Plaignant
M. Bernard Desgagné
Représentant du plaignant
Mme Jennifer Ditchburn, journaliste; Mme Isabelle Rodrigue, vice-présidente adjointe aux services de langue française et La Presse canadienne
M. Mario Girard, directeur de l’information et le portail Cyberpresse
Résumé de la plainte
M. Bernard Desgagné porte plainte, le 28 septembre 2011, contre Mme Jennifer Ditchburn, journaliste à La Presse canadienne, relativement à un article publié par Cyberpresse, le 27 septembre 2011 et intitulé : « Les conservateurs font témoigner d’ardents détracteurs de la SRC ». M. Desgagné dénonce une information inexacte, un conflit d’intérêts et le refus de la journaliste et du média de se rétracter.
Analyse
Grief 1 : information inexacte
Le plaignant conteste une phrase de l’article de Mme Dichtburn qui écrit : « La société d’État (SRC) se bat pour que ses documents concernant ses activités de création, journalistiques et de programmation demeurent exemptés de la Loi sur l’accès à l’information. » M. Desgagné prétend que le litige en question ne concerne pas l’exemption des documents en vertu de la Loi sur l’accès l’information, mais plutôt le pouvoir de la Commissaire à l’information de déterminer si le refus de la SRC de donner accès à certains documents est bien fondé en vertu des exemptions prévues dans la Loi.

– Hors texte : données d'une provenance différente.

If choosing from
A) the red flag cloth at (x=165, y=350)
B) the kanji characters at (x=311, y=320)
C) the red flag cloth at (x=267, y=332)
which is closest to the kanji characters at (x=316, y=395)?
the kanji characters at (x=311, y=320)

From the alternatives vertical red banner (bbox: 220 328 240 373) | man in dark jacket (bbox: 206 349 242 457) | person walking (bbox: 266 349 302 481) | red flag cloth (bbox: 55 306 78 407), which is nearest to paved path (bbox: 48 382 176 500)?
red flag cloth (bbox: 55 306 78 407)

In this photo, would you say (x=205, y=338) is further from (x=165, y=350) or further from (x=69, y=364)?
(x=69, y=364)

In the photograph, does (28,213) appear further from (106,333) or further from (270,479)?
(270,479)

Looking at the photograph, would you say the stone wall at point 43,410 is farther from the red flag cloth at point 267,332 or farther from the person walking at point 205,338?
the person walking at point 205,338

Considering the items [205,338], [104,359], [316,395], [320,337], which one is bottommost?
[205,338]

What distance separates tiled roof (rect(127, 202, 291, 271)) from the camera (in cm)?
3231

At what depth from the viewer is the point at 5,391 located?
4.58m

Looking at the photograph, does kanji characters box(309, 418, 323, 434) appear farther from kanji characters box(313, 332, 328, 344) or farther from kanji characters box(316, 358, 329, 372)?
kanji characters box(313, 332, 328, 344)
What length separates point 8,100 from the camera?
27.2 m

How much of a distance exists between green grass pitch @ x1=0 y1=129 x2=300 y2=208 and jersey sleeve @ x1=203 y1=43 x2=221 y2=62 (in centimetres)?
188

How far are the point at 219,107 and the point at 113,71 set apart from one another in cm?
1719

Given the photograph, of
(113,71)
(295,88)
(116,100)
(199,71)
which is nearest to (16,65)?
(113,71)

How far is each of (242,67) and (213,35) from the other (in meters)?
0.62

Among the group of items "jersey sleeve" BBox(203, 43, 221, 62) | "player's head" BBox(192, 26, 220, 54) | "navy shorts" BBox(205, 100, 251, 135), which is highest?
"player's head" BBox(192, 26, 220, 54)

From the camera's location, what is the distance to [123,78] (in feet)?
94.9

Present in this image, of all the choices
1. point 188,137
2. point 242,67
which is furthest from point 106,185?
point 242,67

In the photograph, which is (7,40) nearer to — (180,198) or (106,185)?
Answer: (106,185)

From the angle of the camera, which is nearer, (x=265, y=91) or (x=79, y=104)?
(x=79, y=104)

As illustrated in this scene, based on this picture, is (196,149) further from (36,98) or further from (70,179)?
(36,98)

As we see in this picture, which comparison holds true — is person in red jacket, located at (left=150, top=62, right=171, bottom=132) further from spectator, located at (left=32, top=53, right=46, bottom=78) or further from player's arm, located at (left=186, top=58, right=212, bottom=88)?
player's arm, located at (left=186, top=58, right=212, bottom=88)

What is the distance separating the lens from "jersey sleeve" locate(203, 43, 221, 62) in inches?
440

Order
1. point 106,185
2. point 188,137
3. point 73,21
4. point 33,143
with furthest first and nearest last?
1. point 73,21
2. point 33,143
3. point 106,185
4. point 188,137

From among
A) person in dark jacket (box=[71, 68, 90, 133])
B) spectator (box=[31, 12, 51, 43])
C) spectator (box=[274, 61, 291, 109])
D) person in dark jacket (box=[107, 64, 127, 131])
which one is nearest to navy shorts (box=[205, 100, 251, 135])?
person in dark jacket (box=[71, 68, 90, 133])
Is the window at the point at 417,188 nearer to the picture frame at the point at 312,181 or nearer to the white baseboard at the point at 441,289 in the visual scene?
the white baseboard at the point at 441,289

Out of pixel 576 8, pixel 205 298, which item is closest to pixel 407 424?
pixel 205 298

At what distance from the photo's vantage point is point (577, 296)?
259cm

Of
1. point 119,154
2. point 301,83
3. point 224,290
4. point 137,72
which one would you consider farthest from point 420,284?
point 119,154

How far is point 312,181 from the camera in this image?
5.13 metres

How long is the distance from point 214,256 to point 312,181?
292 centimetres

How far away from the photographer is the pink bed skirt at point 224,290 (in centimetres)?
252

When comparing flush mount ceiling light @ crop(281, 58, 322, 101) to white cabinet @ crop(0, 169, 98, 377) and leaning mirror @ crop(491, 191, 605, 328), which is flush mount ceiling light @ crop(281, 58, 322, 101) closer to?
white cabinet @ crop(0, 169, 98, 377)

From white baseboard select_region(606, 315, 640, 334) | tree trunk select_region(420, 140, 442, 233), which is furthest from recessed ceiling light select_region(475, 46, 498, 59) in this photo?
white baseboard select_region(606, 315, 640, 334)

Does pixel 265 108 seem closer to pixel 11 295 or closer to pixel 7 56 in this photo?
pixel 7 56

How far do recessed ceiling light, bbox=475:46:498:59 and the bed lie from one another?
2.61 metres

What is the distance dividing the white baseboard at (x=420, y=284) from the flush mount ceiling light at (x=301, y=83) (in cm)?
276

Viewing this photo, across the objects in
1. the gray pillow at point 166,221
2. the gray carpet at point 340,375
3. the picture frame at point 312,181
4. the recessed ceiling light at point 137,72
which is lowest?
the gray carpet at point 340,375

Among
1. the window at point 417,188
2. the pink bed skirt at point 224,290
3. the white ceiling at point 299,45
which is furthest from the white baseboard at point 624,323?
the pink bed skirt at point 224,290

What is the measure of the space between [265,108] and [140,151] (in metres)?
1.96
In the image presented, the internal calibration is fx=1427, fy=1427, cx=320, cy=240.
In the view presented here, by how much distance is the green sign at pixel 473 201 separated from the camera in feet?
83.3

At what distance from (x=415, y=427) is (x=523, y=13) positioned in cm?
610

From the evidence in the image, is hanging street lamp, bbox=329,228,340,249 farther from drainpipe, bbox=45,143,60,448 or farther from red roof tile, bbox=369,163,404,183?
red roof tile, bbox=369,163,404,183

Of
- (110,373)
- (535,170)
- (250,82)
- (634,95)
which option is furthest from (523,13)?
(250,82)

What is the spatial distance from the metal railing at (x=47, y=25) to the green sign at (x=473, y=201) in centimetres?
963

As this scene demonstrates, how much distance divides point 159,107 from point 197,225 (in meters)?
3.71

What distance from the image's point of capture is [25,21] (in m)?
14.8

En fait, selon le plaignant, Radio-Canada conteste les pouvoirs de la Commissaire dans certains dossiers. M. Desgagné qualifie donc ce passage de l’article de mensonger et croit que Mme Ditchburn veut cacher au public le fait que « Radio-Canada utilise l’argent des contribuables pour contester la validité d’une loi et non pour que ses documents demeurent exemptés de la Loi sur l’accès à l’information ».

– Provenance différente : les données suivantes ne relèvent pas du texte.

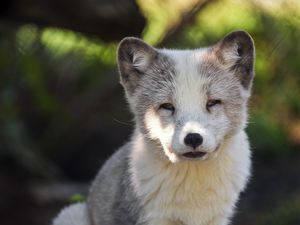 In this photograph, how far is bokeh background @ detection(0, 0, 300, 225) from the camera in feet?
32.2

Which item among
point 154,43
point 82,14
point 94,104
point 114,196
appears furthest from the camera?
point 94,104

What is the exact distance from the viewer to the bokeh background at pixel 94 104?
9.83 meters

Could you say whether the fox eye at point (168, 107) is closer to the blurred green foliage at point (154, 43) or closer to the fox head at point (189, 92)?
the fox head at point (189, 92)

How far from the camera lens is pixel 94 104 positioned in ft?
35.1

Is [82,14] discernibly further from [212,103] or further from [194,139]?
[194,139]

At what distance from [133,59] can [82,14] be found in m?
1.41

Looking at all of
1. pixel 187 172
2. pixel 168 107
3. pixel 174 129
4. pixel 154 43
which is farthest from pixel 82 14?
pixel 154 43

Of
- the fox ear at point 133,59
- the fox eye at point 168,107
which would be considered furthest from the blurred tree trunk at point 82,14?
the fox eye at point 168,107

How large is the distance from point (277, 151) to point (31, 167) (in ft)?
10.3

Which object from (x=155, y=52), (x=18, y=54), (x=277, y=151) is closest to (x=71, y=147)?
(x=18, y=54)

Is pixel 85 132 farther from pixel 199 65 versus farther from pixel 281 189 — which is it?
pixel 199 65

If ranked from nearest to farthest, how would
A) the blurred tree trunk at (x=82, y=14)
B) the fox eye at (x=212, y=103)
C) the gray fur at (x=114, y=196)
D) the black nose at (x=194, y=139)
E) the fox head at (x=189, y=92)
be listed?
the black nose at (x=194, y=139) < the fox head at (x=189, y=92) < the fox eye at (x=212, y=103) < the gray fur at (x=114, y=196) < the blurred tree trunk at (x=82, y=14)

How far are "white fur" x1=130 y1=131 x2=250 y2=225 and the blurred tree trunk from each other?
168 centimetres

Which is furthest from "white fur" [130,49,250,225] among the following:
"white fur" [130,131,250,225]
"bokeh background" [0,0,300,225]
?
"bokeh background" [0,0,300,225]
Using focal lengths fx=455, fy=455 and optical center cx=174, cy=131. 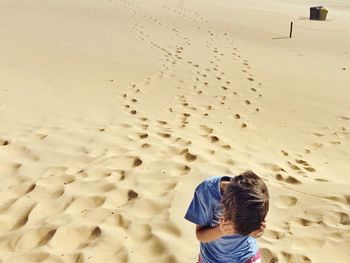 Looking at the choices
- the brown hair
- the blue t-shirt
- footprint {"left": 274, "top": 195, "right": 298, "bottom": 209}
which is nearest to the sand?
footprint {"left": 274, "top": 195, "right": 298, "bottom": 209}

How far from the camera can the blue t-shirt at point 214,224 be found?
7.47ft

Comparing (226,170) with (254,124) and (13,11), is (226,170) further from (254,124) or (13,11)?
(13,11)

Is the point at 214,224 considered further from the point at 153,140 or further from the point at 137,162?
the point at 153,140

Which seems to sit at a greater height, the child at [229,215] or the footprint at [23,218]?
the child at [229,215]

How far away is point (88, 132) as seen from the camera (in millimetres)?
5801

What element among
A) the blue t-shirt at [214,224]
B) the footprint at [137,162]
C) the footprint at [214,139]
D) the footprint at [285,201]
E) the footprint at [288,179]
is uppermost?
the blue t-shirt at [214,224]

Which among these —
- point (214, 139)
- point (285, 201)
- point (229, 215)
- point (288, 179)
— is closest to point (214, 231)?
point (229, 215)

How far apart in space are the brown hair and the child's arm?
0.07 metres

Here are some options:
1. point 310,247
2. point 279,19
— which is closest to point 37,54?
point 310,247

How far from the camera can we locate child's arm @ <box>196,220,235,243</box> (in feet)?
6.71

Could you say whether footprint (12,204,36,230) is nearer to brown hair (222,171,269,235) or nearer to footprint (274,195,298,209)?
footprint (274,195,298,209)

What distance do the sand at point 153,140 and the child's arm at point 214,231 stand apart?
1.17 metres

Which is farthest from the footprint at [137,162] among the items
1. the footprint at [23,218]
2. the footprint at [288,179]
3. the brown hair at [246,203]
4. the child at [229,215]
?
the brown hair at [246,203]

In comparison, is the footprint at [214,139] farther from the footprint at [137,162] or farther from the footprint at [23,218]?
the footprint at [23,218] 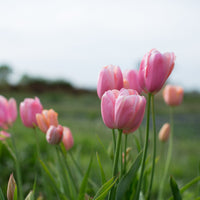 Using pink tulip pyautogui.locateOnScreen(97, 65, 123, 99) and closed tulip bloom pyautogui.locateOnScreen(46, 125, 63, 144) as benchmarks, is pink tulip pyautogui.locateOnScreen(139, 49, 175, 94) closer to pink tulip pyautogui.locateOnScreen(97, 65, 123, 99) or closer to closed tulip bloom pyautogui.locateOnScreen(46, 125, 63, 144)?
pink tulip pyautogui.locateOnScreen(97, 65, 123, 99)

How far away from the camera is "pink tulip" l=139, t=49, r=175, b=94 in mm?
594

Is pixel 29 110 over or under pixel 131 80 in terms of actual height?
under

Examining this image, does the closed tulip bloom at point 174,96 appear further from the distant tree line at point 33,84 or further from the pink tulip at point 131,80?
the distant tree line at point 33,84

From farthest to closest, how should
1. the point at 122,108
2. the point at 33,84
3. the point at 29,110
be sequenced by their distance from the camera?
the point at 33,84
the point at 29,110
the point at 122,108

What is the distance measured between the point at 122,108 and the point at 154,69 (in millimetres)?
129

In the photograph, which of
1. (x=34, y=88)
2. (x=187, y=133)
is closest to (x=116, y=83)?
(x=187, y=133)

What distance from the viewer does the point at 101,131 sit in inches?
135

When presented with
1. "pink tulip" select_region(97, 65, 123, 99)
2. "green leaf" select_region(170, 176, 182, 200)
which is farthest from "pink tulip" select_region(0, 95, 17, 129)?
"green leaf" select_region(170, 176, 182, 200)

La mise en cause, Jennifer Ditchburn, répond qu’elle est tout à fait au courant de la controverse entre Radio-Canada et la Commissaire à l’information. Elle dit avoir suivi ce dossier depuis ses débuts. Mme Ditchburn croit que, même si sa phrase peut être une simplification au profit de la concision, Radio-Canada, elle-même, soutient devant les tribunaux que l’information touchant ses activités en matière de création, journalisme et programmation est complètement exclue de la portée de la Loi et qu’en conséquence la Commissaire n’a pas le pouvoir de l’examiner. La mise en cause cite le président de Radio-Canada, M. Hubert Lacroix qui s’exprimait sur la raison pour laquelle Radio-Canada s’était adressée aux tribunaux : « It is a very important issue for us […]. It’s about interpreting 68.1 which says, Madame, in very clear language that programming, creative and journalistic activities are completely excluded from the Act […] this is the conversation we’ve asked the court of appeal to decide upon, and that is why we went to court […]. » Ainsi, pour elle, le but ultime de la poursuite est clair. La journaliste ajoute qu’elle a écrit sur le même sujet à de nombreuses occasions pour La Presse canadienne et qu’elle expliquait en détail la raison du litige entre la SRC et la Commissaire à l’information, comme le souhaite le plaignant.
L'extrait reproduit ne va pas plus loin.